DATASET RECORDS.

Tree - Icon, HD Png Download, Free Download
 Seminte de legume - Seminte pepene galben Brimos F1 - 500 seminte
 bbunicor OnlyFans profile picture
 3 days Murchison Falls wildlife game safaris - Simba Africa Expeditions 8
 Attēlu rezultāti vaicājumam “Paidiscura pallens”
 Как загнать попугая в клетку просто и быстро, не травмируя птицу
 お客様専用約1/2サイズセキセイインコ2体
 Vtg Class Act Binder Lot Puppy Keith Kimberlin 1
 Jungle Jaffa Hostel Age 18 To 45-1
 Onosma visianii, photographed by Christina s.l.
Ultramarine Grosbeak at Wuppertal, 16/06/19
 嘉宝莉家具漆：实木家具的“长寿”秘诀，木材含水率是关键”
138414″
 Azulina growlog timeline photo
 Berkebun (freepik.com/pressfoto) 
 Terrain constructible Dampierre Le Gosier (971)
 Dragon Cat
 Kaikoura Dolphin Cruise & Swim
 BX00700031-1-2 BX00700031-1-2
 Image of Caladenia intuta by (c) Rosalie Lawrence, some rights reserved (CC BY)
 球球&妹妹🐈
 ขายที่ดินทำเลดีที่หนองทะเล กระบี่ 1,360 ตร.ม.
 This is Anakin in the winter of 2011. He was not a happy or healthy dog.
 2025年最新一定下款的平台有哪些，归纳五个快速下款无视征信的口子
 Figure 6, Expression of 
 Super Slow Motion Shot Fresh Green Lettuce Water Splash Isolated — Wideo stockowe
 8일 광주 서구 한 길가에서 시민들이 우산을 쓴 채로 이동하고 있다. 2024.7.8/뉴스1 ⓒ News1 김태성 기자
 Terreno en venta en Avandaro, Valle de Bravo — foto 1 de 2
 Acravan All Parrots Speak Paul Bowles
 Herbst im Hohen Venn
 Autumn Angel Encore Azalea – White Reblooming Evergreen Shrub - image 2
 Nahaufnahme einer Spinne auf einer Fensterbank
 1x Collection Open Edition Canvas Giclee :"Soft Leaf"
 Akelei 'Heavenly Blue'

TASK GOAL. From the line containing "3 days Murchison" down to the line containing "Berkebun (freepik.com/pressfoto)" in the material above, reproduce every line exactly, including the two end lines.

RESPONSE BOX.
 3 days Murchison Falls wildlife game safaris - Simba Africa Expeditions 8
 Attēlu rezultāti vaicājumam “Paidiscura pallens”
 Как загнать попугая в клетку просто и быстро, не травмируя птицу
 お客様専用約1/2サイズセキセイインコ2体
 Vtg Class Act Binder Lot Puppy Keith Kimberlin 1
 Jungle Jaffa Hostel Age 18 To 45-1
 Onosma visianii, photographed by Christina s.l.
Ultramarine Grosbeak at Wuppertal, 16/06/19
 嘉宝莉家具漆：实木家具的“长寿”秘诀，木材含水率是关键”
138414″
 Azulina growlog timeline photo
 Berkebun (freepik.com/pressfoto) 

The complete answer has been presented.